CF Alba ist ein florierender Gemischtwarenladen. Im Wesentlichen handelt es sich um eine Holding, die über ihre Beteiligungen viele verschiedene Branchen und ein breites Spektrum der spanischen Volkswirtschaft abdeckt. Ähnlich aufgestellt sind beispielsweise die Holdings Industrivärden und Investor AB aus Schweden, die französisch-belgische Groupe Bruxelles Lambert (GBL) und das von Starinvestor Warren Buffett geführte Unternehmen Berkshire Hathaway mit Sitz im US-amerikanischen Omaha, Nebraska.
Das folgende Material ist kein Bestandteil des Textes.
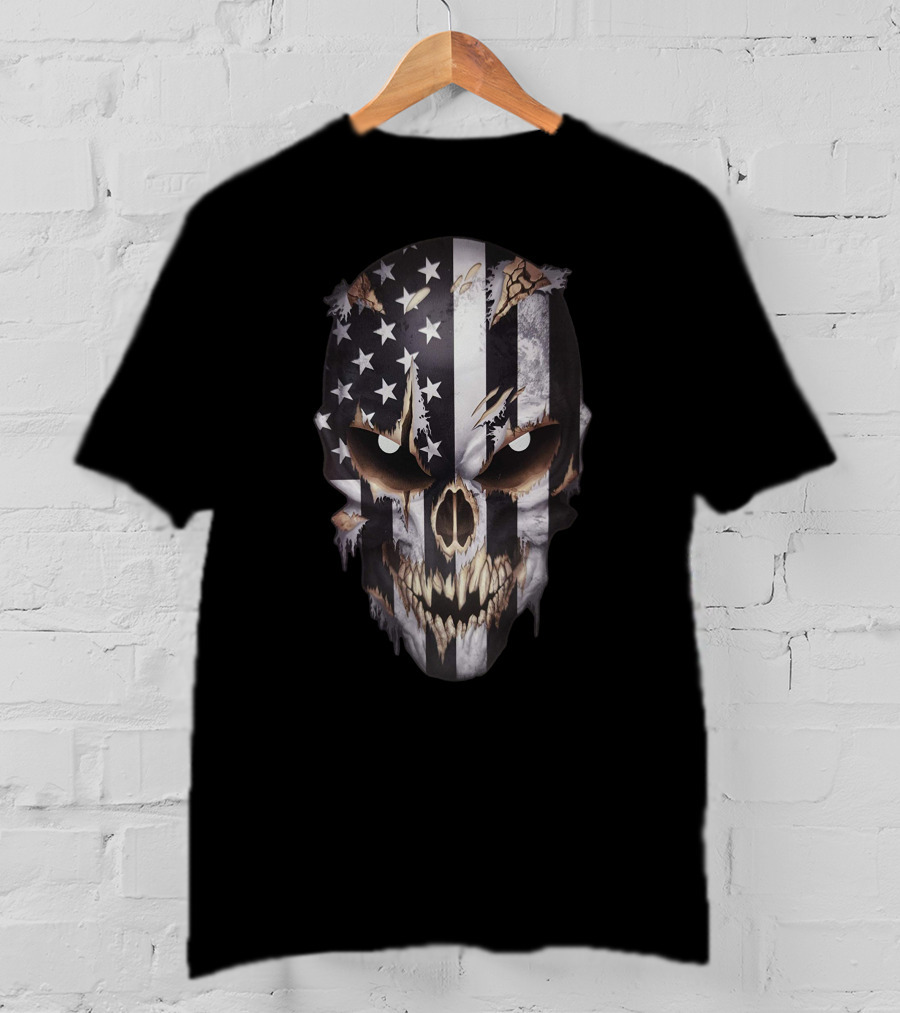 Skull With American Flag And Claw Marks T-Shirt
Aktienfonds, die einzelne Länder oder Regionen fokussieren, verfolgen einen vergleichbaren Ansatz - mit dem Unterschied, dass beim Kauf von Holdingaktien nur sehr niedrige Gebühren anfallen und eine jährliche Managementgebühr, die bei Fonds die Rendite empfindlich schmälert, entfällt. Hinzu kommt, dass die genannten Holdings an den Börsen oft mit hohen Abschlägen auf ihren Buchwert gehandelt werden und mitunter - die Ausnahme ist Berkshire Hathaway - relativ hohe Dividenden an ihre Aktionäre ausschütten.
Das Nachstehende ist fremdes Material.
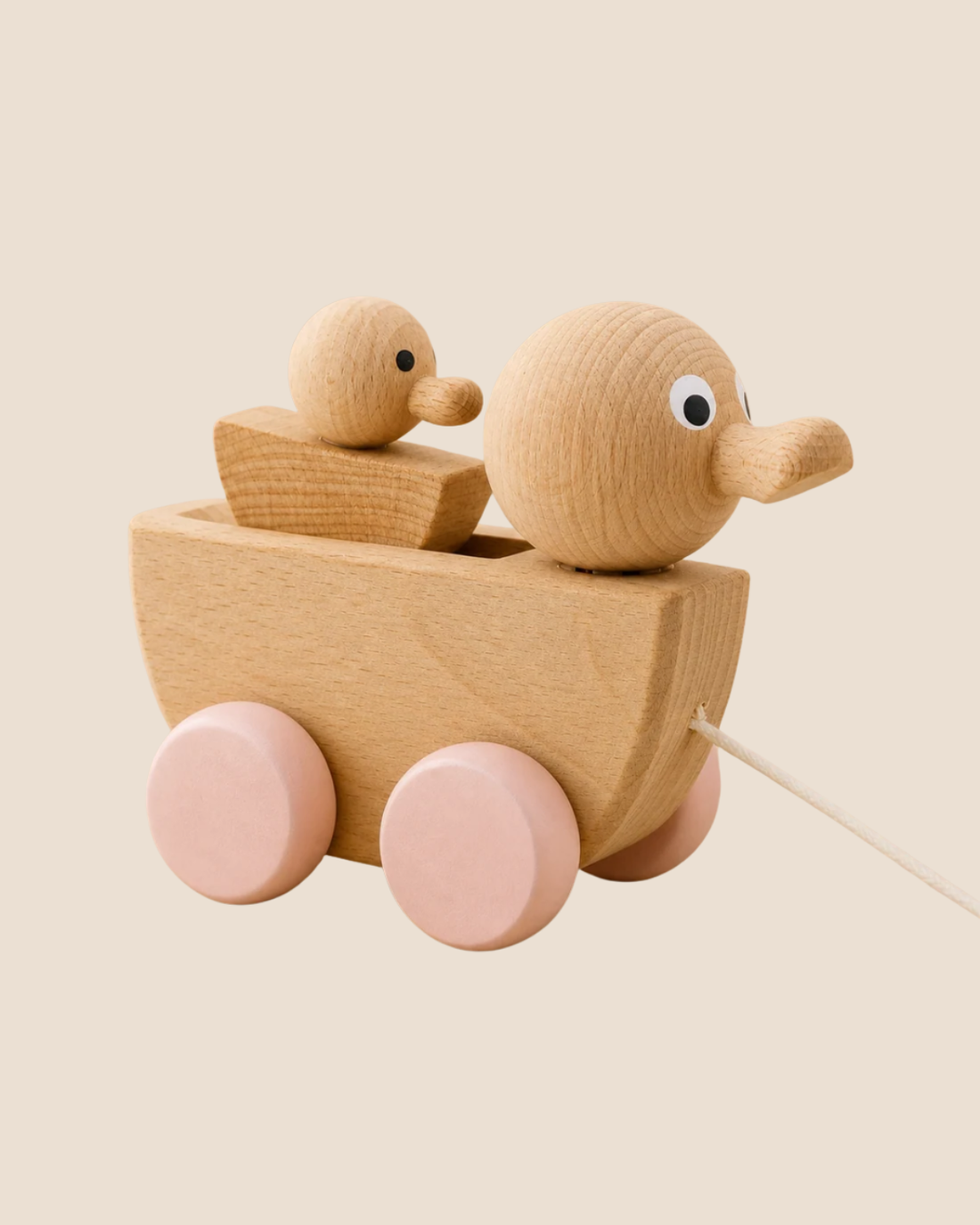Wooden Pull Along Duck With Duckling - Georgia by Miva Vacov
Vom Baustoffexperten zur Holding



Ursprünglich war CF Alba, in den 1950er-Jahren noch Cementos Alba genannt, im Baustoffgeschäft aktiv. Die Firma wurde 1986 verkauft, der Erlös investiert: Eine Holding war geboren. Kontrolliert wird CF Alba heute von der 1926 gegründeten Privatbank Banca March, die zum Firmenimperium der weitverzweigten Familie March gehört. An neun börsennotierten Unternehmen in Spanien hält CF Alba aktuell große Aktienpakete (siehe Kasten Seite 3), etwa am Baukonzern ACS, der die deutsche Hochtief-Gruppe kontrolliert, am baskischen Telekombetreiber Euskaltel und am Nahrungsmittelhersteller Ebro Foods.
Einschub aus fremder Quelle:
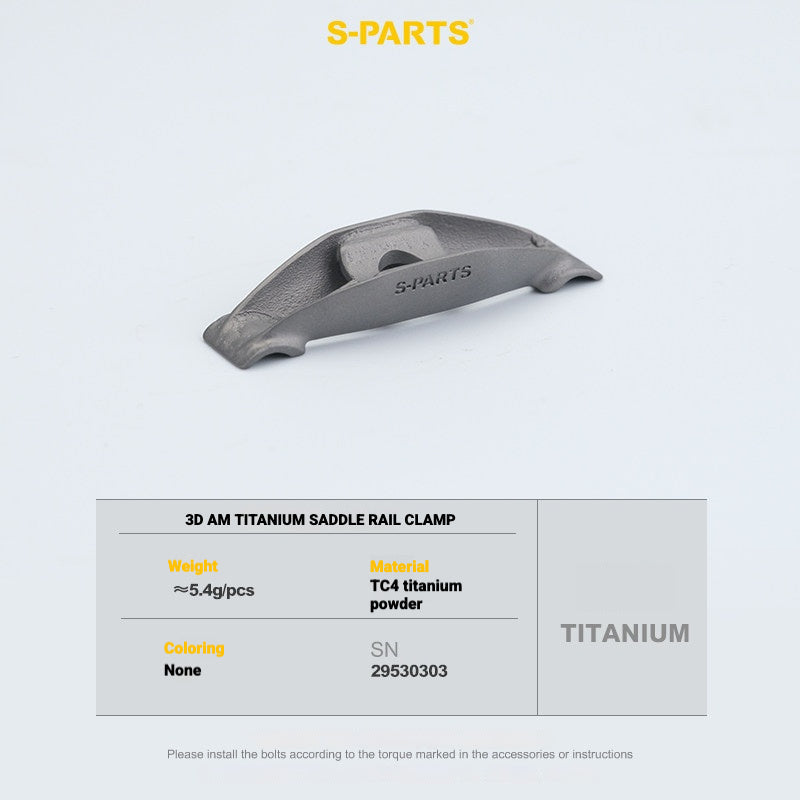 S-PARTS 3DAM Titanium Seatpost Hardware Kit for Cervélo S5 — 3D Printed — 2026 Compatible Saddle Clamp Titanium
Dieses breit aufgestellte Beteiligungsportfolio profitiert in diesem Jahr von der insgesamt erfreulichen Entwicklung der spanischen Wirtschaft, die zuletzt deutlich schneller wuchs als der Rest der Eurozone. 2016 könnte das Wachstum bei annähernd drei Prozent liegen, was voraussichtlich der Spitzenplatz wäre. Vor allem der Tourismus, ein für Spanien besonders wichtiger Wirtschaftszweig, boomt, während die niedrigen Ölpreise Unternehmen und Haushalte entlasten. Die chronische Überschuldung des Staates und der Banken scheint zugleich dank einiger Reformen im Land weniger akut als etwa im politisch weitgehend handlungsunfähigen, sklerotischen Italien.

Die Arbeitslosenquote lag im Sommer nach Angaben von Eurostat mit 19,6 Prozent zwar noch immer extrem hoch - zehn Jahre zuvor waren es lediglich 8,5 Prozent gewesen -, allerdings war der Trend zuletzt eindeutig positiv: Seit dem Zenit mit 26,1 Prozent im Jahr 2013 ist die Arbeitslosenquote massiv gesunken.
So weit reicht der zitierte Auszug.